Dans le contexte croate, les conséquences sont visibles dans les entreprises publiques, l’administration publique et l’autonomie locale. Les nominations à des fonctions clés sont façonnées par la logique de partitocratie, un système dans lequel les partis colonisent l’appareil d’État. Les critères professionnels sont formellement satisfaits, tandis que la décision réelle est façonnée par des schémas partisans et clientélistes. La Croatie appartient à un groupe plus large de ‘nouvelles’ démocraties post-communistes où la réforme transitoire n’a pas abouti à un service professionnel, mais à une méritocratie politisée.

La distinction entre les niveaux politique et administratif, fondement de la gouvernance responsable dans les démocraties matures, est systématiquement effacée dans la pratique croate. Le cycle politique impose des changements de personnel qui atteignent bien en dessous du niveau qui serait considéré comme légitime ailleurs. Cela sape non seulement la neutralité de la fonction publique mais aussi la mémoire institutionnelle, une ressource presque négligée de la gestion stratégique.

Les effets sont amplifiés dans les organes de contrôle et de régulation, qui manquent souvent d’expertise suffisante pour évaluer de manière critique les décisions exécutives. Les institutions extractives, celles qui servent à la redistribution aux initiés politiques au lieu de créer de la valeur, ne sont pas omniprésentes dans le cas croate, mais sont suffisamment répandues pour façonner le comportement des acteurs. Le système fonctionne comme un appareil de reproduction pour les procédures ; le cadre normatif existe, mais l’effet opérationnel est absent.
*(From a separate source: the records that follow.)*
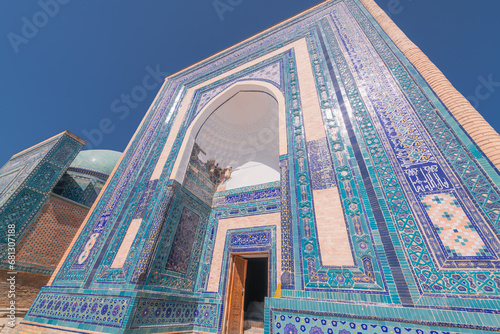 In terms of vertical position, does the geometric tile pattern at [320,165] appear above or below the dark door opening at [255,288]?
above

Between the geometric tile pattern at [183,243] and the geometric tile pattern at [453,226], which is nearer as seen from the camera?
the geometric tile pattern at [453,226]

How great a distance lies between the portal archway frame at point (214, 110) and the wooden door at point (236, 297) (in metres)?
1.85

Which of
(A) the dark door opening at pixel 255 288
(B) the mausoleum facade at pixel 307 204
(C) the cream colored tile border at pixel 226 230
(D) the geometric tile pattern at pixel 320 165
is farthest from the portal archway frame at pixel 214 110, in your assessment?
(A) the dark door opening at pixel 255 288

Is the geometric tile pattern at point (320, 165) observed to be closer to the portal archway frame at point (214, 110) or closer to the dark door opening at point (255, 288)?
the portal archway frame at point (214, 110)

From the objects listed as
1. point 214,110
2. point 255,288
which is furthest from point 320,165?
point 255,288

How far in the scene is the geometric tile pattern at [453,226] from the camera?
1.54 meters

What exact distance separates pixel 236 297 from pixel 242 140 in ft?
12.4

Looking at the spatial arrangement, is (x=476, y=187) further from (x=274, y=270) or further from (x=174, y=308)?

Les conséquences sont également visibles dans le domaine du capital humain. La Croatie fait face à une fuite des cerveaux depuis des années, où la perception des opportunités d’avancement limitées dans le secteur public joue un rôle important. Les systèmes dans lesquels les critères méritocratiques ne sont pas décisifs ont du mal à retenir ceux qui ont la capacité de contribuer.

Étapes partielles

Briser le schéma nécessite plus que des réformes déclaratives. Les expériences comparatives, des pays baltes à la Géorgie, montrent que les professionnalisations réussies supposent la dépolitisation de la sélection, des critères de performance mesurables et la protection de la dissidence professionnelle. La Croatie a fait des étapes partielles, mais elles se sont arrêtées au niveau des actes normatifs, sans garanties institutionnelles d’accompagnement. Le changement le plus exigeant réside dans la culture institutionnelle. Les systèmes qui récompensent la loyauté au lieu de la compétence ne peuvent pas générer une gouvernance efficace, quelle que soit la qualité du cadre législatif. C’est une tâche sociale dans le sens le plus sérieux, car la réforme sape le fondement sur lequel repose la logique partisane de gestion des ressources de l’État. Ignorer le problème signifie accepter la stagnation et la provincialisation progressive au sein de l’espace européen.